The idea of using a so called dead space map to speed up vacuum has come 
up multiple times in this list in the last couple of years. I wrote an 
initial implementation of it to measure the performance impact it has on 
updates and on vacuum.

Potential uses for a dead space map are:

* speed up vacuum when there's few dead tuples

Vacuum will need to be modified to use index lookups to find index tuples 
corresponding the dead heap tuples. Otherwise you have to scan through 
all the indexes anyway.

* vacuuming pages one by one as they're written by bgwriter

I'm not sure how much difference this would make, but it would be an 
interesting experiment. In theory, you could save a lot of total I/O, 
because you would not need to come back to vacuum the pages later, but you 
would have to read in any index pages pointing to the dead heap tuples 
inside bgwriter.

* implementation of index-only scans

An index scan would not have to check the visibility information of heap 
tuples on those heap pages that are marked as clean in the dead space map.
This requires that the dead space map is implemented so that a page is 
reliably marked as dirty in all circumstances when it contains any tuples 
that are not visible to all backends.

The obvious drawback is that heap updates need to update the dead space 
map too.

My current implementation stores a bitmap of 32k bits in the special space 
of every 32k heap pages. Each bit in the bitmap corresponds one heap page. 
The bit is set every time a tuple is updated, and it's cleared by vacuum. 
This is a very simple approach, and doesn't take much space.

Is there something I'm missing? Any ideas?

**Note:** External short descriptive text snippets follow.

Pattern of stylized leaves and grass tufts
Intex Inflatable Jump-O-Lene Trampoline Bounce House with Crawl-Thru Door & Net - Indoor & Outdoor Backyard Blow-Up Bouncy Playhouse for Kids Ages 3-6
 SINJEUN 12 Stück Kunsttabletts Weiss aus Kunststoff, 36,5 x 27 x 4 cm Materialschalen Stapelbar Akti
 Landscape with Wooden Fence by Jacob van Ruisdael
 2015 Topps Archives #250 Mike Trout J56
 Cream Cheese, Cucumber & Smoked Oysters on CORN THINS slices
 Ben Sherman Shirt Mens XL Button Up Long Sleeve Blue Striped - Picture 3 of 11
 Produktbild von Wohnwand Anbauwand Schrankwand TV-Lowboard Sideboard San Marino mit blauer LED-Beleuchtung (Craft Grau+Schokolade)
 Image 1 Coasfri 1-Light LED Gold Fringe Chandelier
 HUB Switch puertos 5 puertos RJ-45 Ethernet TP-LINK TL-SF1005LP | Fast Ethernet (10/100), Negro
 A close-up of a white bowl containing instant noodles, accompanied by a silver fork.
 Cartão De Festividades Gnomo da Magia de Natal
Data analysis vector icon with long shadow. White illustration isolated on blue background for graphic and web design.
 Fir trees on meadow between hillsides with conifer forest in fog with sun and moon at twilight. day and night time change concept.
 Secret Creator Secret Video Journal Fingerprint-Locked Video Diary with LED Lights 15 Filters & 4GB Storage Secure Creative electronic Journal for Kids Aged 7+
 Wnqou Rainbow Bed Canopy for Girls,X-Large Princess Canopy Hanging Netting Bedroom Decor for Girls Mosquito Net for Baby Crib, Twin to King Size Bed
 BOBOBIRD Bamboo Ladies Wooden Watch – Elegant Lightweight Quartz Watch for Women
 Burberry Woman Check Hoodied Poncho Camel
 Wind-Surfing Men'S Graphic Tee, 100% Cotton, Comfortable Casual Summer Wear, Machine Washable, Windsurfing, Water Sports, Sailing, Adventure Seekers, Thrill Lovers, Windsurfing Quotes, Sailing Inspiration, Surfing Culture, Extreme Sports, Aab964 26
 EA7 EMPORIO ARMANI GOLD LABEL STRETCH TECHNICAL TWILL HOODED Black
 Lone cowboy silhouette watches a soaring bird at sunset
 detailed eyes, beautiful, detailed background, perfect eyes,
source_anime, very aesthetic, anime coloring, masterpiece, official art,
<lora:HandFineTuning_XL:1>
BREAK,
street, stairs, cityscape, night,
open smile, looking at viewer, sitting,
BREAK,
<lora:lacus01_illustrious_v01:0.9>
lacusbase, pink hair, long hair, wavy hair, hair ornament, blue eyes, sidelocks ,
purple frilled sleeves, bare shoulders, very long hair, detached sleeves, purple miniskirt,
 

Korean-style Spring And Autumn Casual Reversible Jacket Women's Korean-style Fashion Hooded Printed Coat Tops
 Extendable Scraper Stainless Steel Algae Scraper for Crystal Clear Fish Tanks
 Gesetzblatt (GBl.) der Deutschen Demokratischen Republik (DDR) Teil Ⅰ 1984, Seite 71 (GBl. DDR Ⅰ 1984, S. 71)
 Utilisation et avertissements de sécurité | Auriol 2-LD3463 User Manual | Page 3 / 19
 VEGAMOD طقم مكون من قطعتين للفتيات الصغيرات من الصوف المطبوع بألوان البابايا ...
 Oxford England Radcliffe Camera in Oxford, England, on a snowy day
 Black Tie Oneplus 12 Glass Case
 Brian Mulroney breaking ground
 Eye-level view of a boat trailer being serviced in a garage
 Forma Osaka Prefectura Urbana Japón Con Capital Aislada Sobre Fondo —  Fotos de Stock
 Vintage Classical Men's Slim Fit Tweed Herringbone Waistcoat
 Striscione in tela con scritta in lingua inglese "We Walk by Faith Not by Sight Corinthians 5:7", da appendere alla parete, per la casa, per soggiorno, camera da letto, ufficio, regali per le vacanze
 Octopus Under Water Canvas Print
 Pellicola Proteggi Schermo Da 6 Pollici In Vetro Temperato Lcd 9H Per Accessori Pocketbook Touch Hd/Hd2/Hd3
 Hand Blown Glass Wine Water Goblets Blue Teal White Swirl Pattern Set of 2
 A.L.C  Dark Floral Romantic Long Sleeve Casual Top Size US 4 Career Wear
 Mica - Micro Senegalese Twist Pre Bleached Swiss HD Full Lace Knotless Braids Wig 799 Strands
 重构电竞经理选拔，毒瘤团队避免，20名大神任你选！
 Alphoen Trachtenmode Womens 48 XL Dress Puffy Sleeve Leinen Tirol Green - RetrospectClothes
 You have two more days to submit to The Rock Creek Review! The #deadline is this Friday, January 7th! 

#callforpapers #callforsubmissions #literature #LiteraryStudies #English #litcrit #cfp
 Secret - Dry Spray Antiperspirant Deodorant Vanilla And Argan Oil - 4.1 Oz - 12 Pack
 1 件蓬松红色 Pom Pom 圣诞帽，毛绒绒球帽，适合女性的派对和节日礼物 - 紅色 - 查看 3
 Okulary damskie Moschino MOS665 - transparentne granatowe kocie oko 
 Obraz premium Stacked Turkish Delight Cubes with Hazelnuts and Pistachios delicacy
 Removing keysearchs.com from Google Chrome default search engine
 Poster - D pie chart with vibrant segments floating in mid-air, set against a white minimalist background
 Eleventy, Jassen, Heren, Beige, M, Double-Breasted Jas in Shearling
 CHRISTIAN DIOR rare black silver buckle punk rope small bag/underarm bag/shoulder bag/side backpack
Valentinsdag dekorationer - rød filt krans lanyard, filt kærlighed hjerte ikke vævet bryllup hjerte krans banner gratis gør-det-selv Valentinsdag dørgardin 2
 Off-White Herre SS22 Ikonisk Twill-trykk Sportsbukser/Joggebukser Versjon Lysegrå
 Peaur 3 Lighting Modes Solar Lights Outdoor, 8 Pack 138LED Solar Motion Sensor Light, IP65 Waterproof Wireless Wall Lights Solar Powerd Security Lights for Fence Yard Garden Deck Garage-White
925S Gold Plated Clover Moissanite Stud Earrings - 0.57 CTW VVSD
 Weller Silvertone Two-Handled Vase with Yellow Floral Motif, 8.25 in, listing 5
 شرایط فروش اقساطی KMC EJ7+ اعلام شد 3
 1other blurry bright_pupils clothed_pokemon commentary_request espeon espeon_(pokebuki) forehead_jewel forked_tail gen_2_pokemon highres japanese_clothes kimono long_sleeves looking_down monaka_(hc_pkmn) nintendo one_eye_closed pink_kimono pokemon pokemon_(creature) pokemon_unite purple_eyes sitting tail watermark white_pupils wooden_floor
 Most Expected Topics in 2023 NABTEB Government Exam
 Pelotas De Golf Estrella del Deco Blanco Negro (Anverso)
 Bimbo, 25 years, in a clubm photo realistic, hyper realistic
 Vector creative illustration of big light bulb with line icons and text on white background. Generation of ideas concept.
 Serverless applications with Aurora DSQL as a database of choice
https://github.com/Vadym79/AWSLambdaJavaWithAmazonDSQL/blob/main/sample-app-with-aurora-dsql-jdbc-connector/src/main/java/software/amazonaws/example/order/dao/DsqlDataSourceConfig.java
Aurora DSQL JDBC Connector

I'm going to have some spare time to hack PostgreSQL in the coming 
months, and I'm thinking of refining this if there's interest. Is anyone 
else working on this?

- Heikki


Re: Dead Space Map

From
"Luke Lonergan"
Date:
Heikki,

On 2/27/06 9:53 AM, "Heikki Linnakangas" <hlinnaka@iki.fi> wrote:


> My current implementation stores a bitmap of 32k bits in the special space
> of every 32k heap pages. Each bit in the bitmap corresponds one heap page.
> The bit is set every time a tuple is updated, and it's cleared by vacuum.
> This is a very simple approach, and doesn't take much space.
> 
> Is there something I'm missing? Any ideas?

Sounds great!
> I'm going to have some spare time to hack PostgreSQL in the coming
> months, and I'm thinking of refining this if there's interest. Is anyone
> else working on this?

This idea seems like it could dramatically improve vacuum - commonly a big
issue.

- Luke




Re: Dead Space Map

From
Tom Lane
Date:
Heikki Linnakangas <hlinnaka@iki.fi> writes:
> Vacuum will need to be modified to use index lookups to find index tuples 
> corresponding the dead heap tuples. Otherwise you have to scan through 
> all the indexes anyway.

This strikes me as a fairly bad idea, because it makes VACUUM dependent
on correct functioning of user-written code --- consider a functional
index involving a user-written function that was claimed to be immutable
and is not.  There are concurrency-safety issues too, I think, having to
do with the way that btree ensures we don't delete any index tuple that
some scan is stopped on.

> * vacuuming pages one by one as they're written by bgwriter

That's not happening.  VACUUM has to be a transaction and the bgwriter
does not run transactions; nor is it in any position to clean out index
entries associated with a heap page.  (To change this would at a minimum
require instituting a separate bgwriter process per database; or else a
wholesale rewrite of our catalog access infrastructure to allow it to
work in a non-database-specific context.  There are also interesting
deadlock problems to think about if the bgwriter can be blocked by other
transactions, or if it needs to read pages not currently in shared memory.)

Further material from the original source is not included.